In histidine and tryptophan biosynthesis, two related isomerization reactions are generally catalyzed by two specific single-substrate enzymes (HisA and TrpF), sharing a similar (β/α)(8)-barrel scaffold. However, in some actinobacteria, one of the two encoding genes (trpF) is missing and the two reactions are instead catalyzed by one bisubstrate enzyme (PriA). To unravel the unknown mechanism of bisubstrate specificity, we used the Mycobacterium tuberculosis PriA enzyme as a model. Comparative structural analysis of the active site of the enzyme showed that PriA undergoes a reaction-specific and substrate-induced metamorphosis of the active site architecture, demonstrating its unique ability to essentially form two different substrate-specific actives sites.
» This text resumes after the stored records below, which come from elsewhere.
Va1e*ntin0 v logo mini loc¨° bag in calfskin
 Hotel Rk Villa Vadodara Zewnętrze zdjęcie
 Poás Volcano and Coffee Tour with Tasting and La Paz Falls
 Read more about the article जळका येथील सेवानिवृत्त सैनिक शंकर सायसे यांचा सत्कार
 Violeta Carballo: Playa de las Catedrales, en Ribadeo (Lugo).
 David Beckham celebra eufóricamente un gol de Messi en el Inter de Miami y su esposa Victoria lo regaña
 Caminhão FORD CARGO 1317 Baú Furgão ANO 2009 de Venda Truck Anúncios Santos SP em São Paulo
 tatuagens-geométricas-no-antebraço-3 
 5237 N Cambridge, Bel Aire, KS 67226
Furthermore, we found that one of the two catalytic residues in PriA, which are identical in both isomerization reactions, is recruited by a substrate-dependent mechanism into the active site to allow its involvement in catalysis. Comparison of the structural data from PriA with one of the two single-substrate enzymes (TrpF) revealed substantial differences in the active site architecture, suggesting independent evolution. To support these observations, we identified six small molecule compounds that inhibited both PriA-catalyzed isomerization reactions but had no effect on TrpF activity. Our data demonstrate an opportunity for organism-specific inhibition of enzymatic catalysis by taking advantage of the distinct ability for bisubstrate catalysis in the M. tuberculosis enzyme.

Fig. 1.

Ligand-induced active site changes of PriA. (A) Active site loop structure of the PriA complexes with sulfate (Left), rCdRP (Center), and PrFAR (Right). The eight active site loops 1–8 are colored in yellow (1,5), green (2,6), cyan (3,7), and magenta (4,8), emphasizing the twofold repeated (β/α)₄ half-barrel elements (9); those loop segments that are disordered are indicated by dashed lines. The remaining structures are shown in surface presentation (β-strands, light gray; α-helices, dark gray). Each ligand is shown in stick presentation. (B) Ligand-specific Asp175 recruitment: by Arg143, in the presence of rCdRP (trp biosynthesis, Left); and by Arg19, in the presence of PrFAR (his biosynthesis, Right). Loop 5 changes from a β-hairpin conformation (rCdRP) to a knot-like conformation (PrFAR), allowing Arg143 and Trp145 to switch positions. Hydrogen bonds are shown with dashed lines. The areas shown in B approximately correspond to the red boxes in A.

Fig. 2.

Active site structures of the PriA-rCdRP and PriA-PrFAR complexes. Each ligand (rCdRP, A; PrFAR, B) is shown in 2Fo-Fc electron density at a 1,5 σ contour level. Hydrogen bonds between each ligand and PriA residues, in part mediated by ordered solvent molecules (red spheres), are represented with dashed lines. Highlighted residues and ligands are shown in stick presentation, using atom-specific colors (oxygen, red; nitrogen, blue; sulfur, yellow; phosphorus, magenta). The carbon atoms of PriA residues are colored according to the scheme used in Fig. 1; carbon atoms of ligands are in gray. Residues involved in side chain-specific interactions with ligands are labeled. The labels of those residues that have been identified in catalysis or ligand-induced active site recruitment are colored red. The remaining part of each PriA structure is shown in ribbon representation.

Fig. 3.

Biochemical analysis of PriA ProFAR/PRA isomerization. Relative catalytic efficiencies of several PriA variants (wild-type PriA = 100%), in which active site residues were mutated into alanines: ProFAR isomerization, black bars; PRA isomerization, gray bars (A). The complete data are listed in Table S2. The effects of the PriA mutations on ProFAR isomerization (B) and PRA isomerization (C) are graphically mapped onto the respective PriA-ligand complexes. The color codes of the mutated residues, shown in ball-and-stick presentation, are red, < 1% wt activity; orange, < 5% wt activity; green, < 50% wt activity; blue, > 50% wt activity. The orientation of PriA is as in Fig. 1.